GIS students capture 360° photos of Cedar Valley trails, event centers and the UNI campus for the world to view and virtually engage.
At UNI, Geography and Geographic Information Sciences (GIS) majors have a unique opportunity for real world experience. Using cutting-edge technology, students have been able to aid in the updates of mapping and capturing photos for local attractions and the university to use to develop interactive digital virtual resources.
John DeGroote, instructor of geography and director of the GeoInformatics Training Research Education and Extension (GeoTREE) Center, leads his students through working with these high-tech programs and gadgets.
One of the programs DeGroote explores in his class is Google Earth Studio. Earth Studio, according to Google, is a “web-based animation tool for Google Earth imagery.” Students are taught how to utilize Earth studio and the software behind it.
In one of DeGroote’s classes this past year, each student was assigned to work with one of the three community partners: Experience Waterloo, Cedar Falls Tourism & Visitors Bureau and Hartman Reserve Nature Center.
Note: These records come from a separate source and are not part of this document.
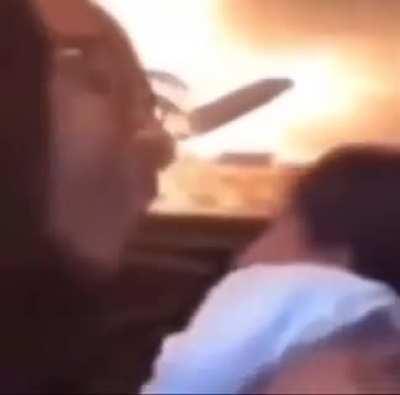 serapoon vs vex matchup 🥰😍🎶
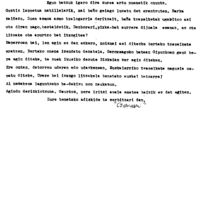 Bertsolaritza:  Euskal Herriko Bertsolari txapelketa nola antolatu daitekeen galdezka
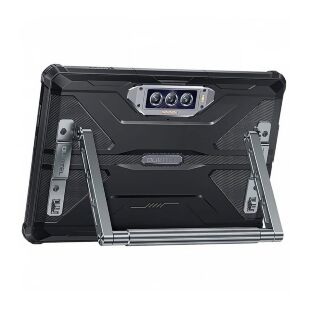 Планшет OUKITEL RT7 10.1" 5G TITAN 12/512GB NFC LTE Black (6941749837233)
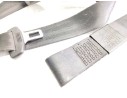 CINTURON SEGURIDAD DELANTERO DERECHO 602134700 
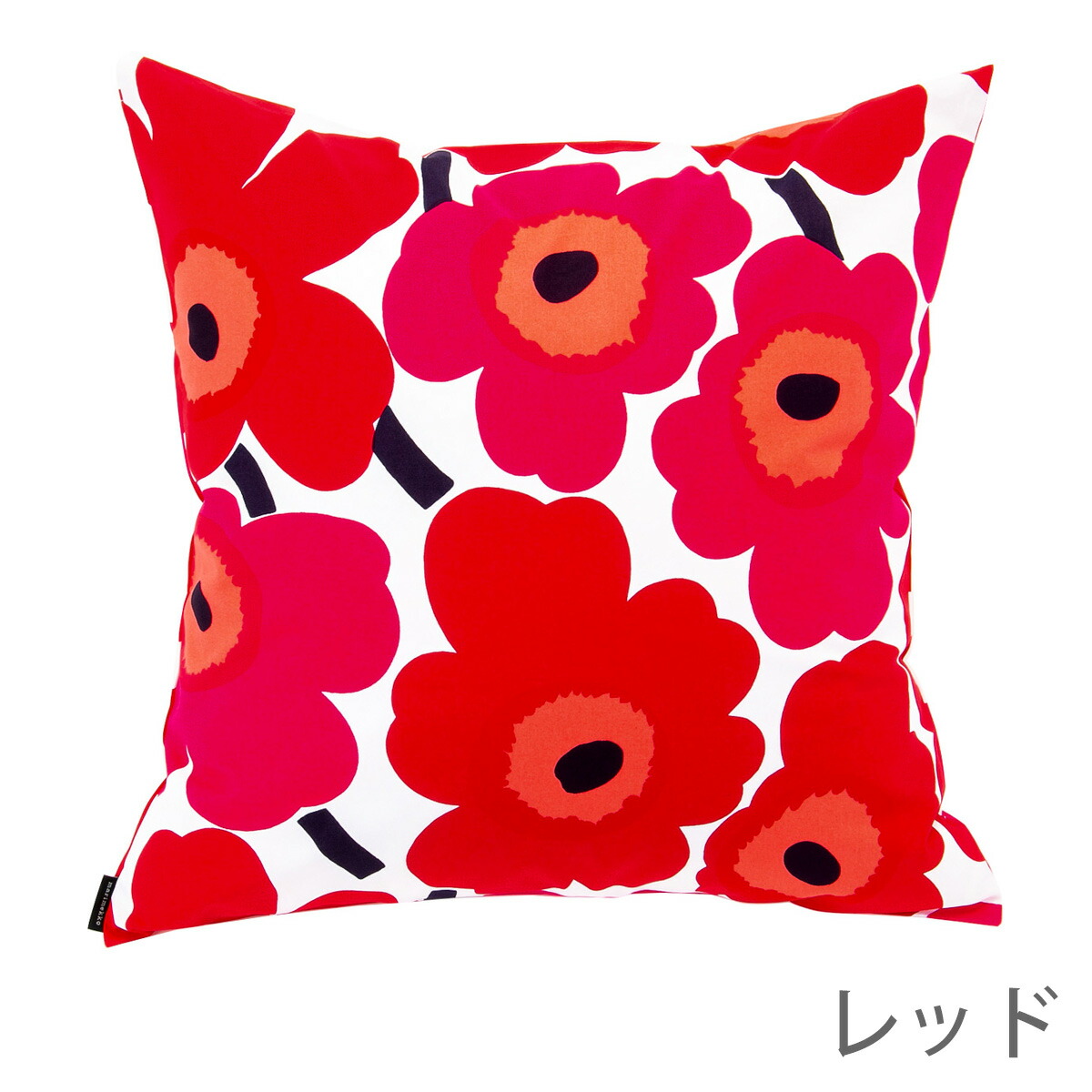 marimekko（マリメッコ） 【ネコポス送料無料】マリメッコ クッション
Each organization had specific wants and needs. For example, for Cedar Falls Tourism, one of the initiatives was to capture 360° imagery of the event centers around Cedar Falls. The goal was to display how approachable Cedar Falls is compared to how it might appear on any other given map. The students in his class and who work with the GeoTREE Center utilized the University’s 360° camera. Using this camera, they captured 360° images of specific event centers around Cedar Falls and the UNI campus.
Campbell Hoffman, a summer 2021 GIS graduate who has worked with GeoTREE for the past year, was capturing 360° images of the Gallagher Bluedorn Performing Arts Center (GBPAC) when we caught up with him in Mid-May. The 360° camera Hoffman works with stands on a large tripod with about six different lenses.
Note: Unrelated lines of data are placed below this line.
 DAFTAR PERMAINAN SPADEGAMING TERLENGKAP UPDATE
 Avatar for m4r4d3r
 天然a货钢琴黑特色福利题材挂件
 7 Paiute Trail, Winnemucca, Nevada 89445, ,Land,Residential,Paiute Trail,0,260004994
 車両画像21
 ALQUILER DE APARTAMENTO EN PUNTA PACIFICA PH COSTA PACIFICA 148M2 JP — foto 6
He took the time to explain that in order to get a full, comprehensive photo of the building that is user-friendly for Google Street View, you have to move the camera about 15 feet per photo. The camera is connected to the user’s phone. That way, if possible, you can hide behind a corner to take the photo. However, if you’re outside taking photos on a bike trail, things may get a little more complicated; i.e., hiding underneath the camera and/or cropping yourself out of the photo during the editing process. Once the photos are edited and approved, they are uploaded to Google Street View for the public to use.
Over 7,000 photos have been produced and published by UNI students onto Google Street View. Photos of UNI’s campus, local trails, state parks, etc., now have over three million views since publication.
“It’s a great way for students to do some real world work," said Hoffman. "It’s a paid experience and a job that’s flexible during the school year and in the summer. It’s fun, gets you to places around town and outside.”
With a strongly in-demand workforce and the ever-growing use of technology, the world of geography and GIS has never been more vital and beneficial to our everyday lives.
Students like Hoffman, and professors like DeGroote, are able to share their skills using this cutting-edge technology that will benefit anyone who passes through any small town or big city.